* ASSIGNMENT
The answer must consist solely of the lines from the one containing "Hosteria Finca El" through the last line of the records below, repeated exactly, with all pictures omitted.

* INFORMATION

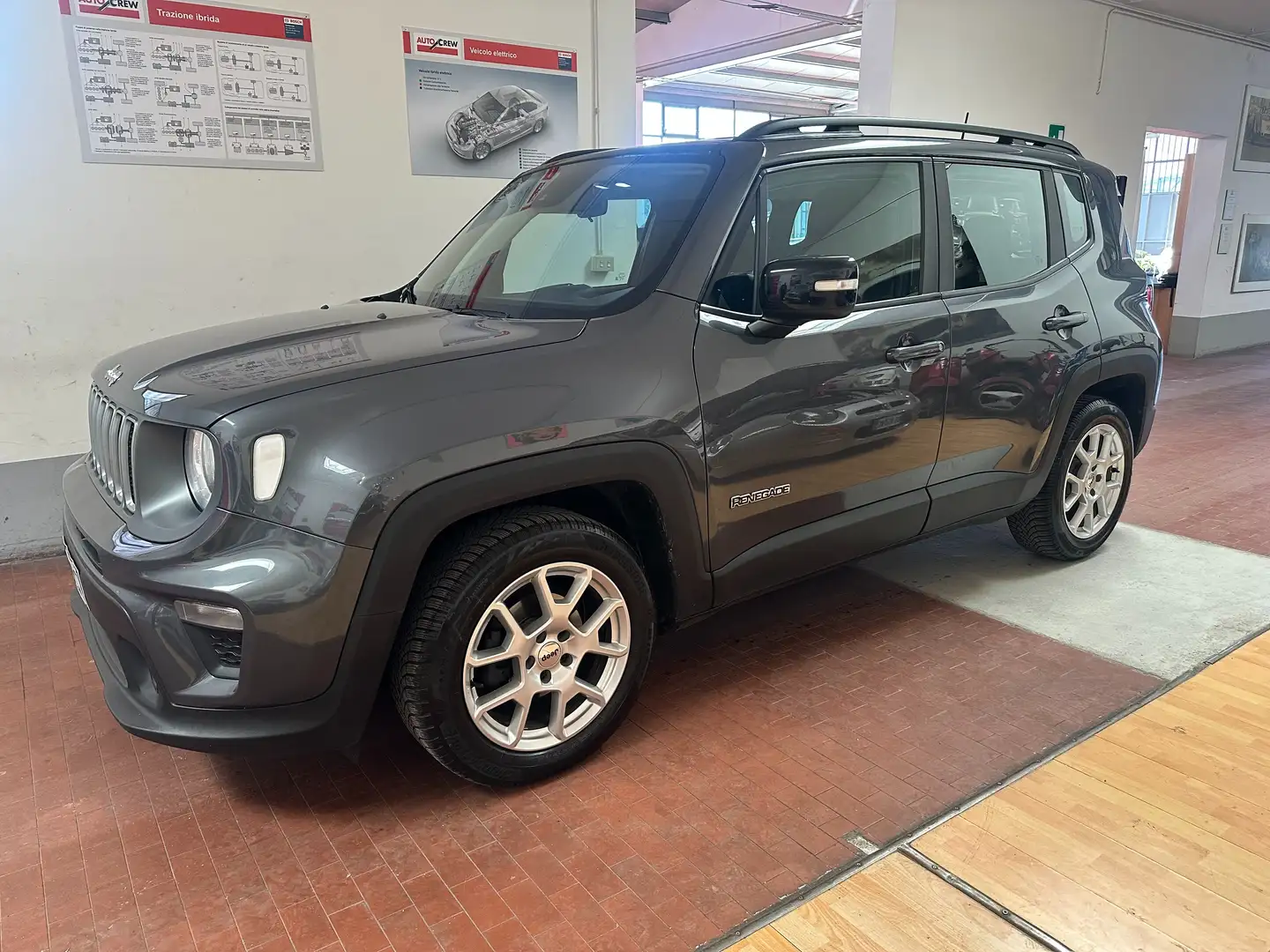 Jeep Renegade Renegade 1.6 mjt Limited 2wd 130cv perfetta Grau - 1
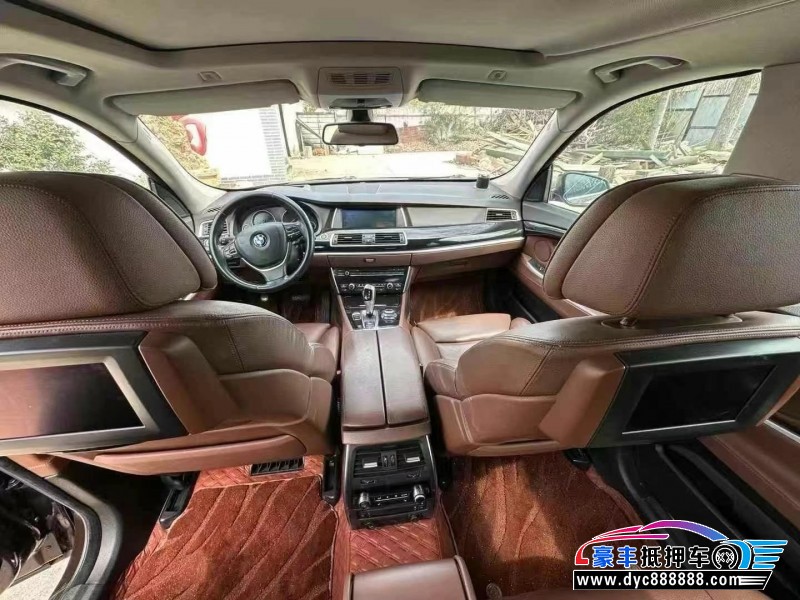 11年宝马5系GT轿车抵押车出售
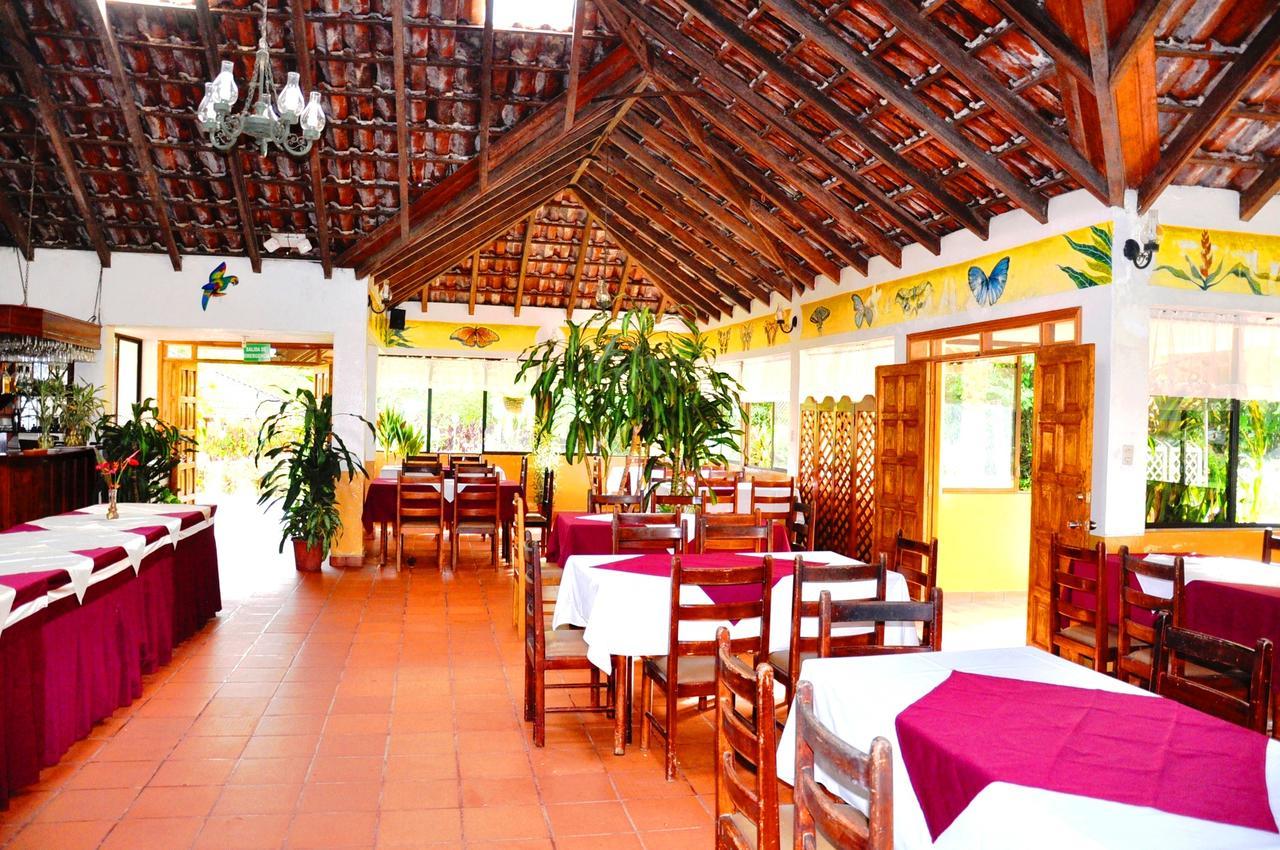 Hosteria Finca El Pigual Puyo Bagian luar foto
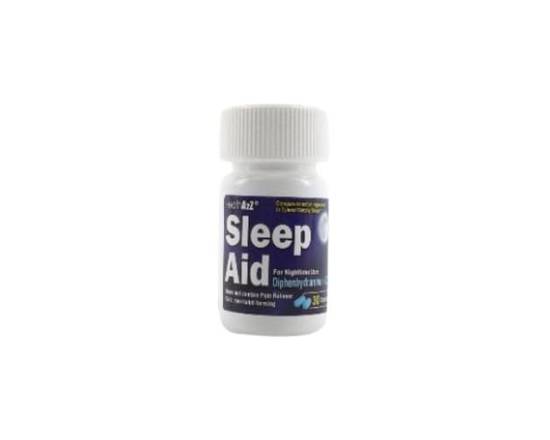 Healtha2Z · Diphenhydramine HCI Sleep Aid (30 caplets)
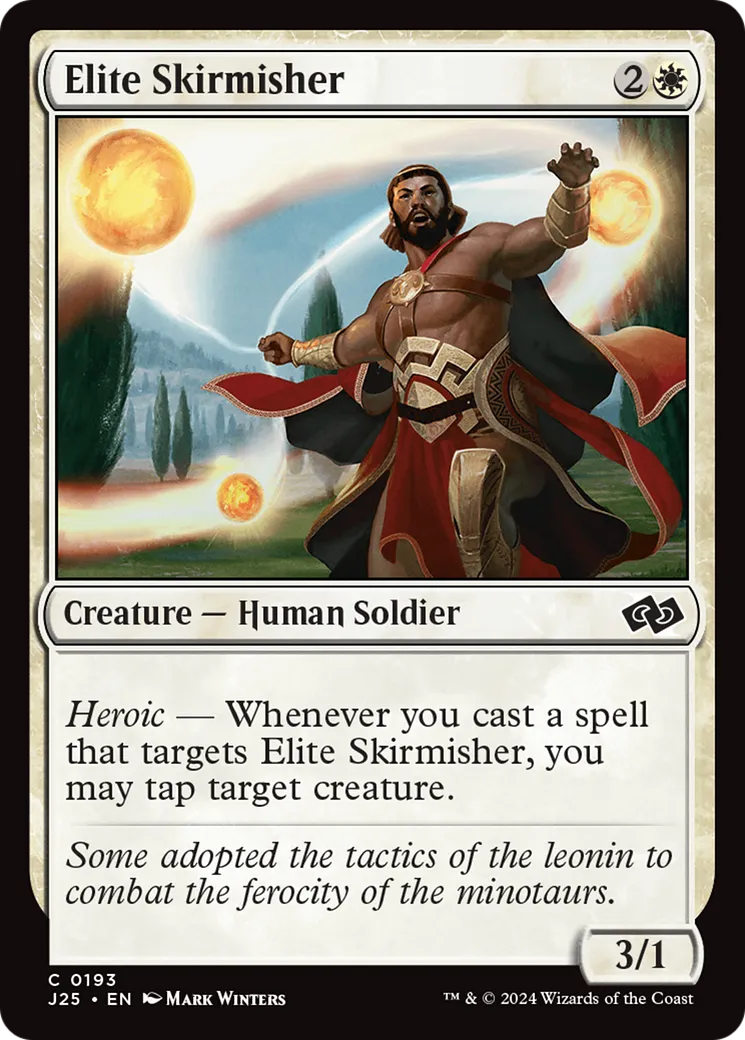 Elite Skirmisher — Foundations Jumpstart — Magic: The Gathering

* TASK RESPONSE
 Hosteria Finca El Pigual Puyo Bagian luar foto
 Healtha2Z · Diphenhydramine HCI Sleep Aid (30 caplets)
 Elite Skirmisher — Foundations Jumpstart — Magic: The Gathering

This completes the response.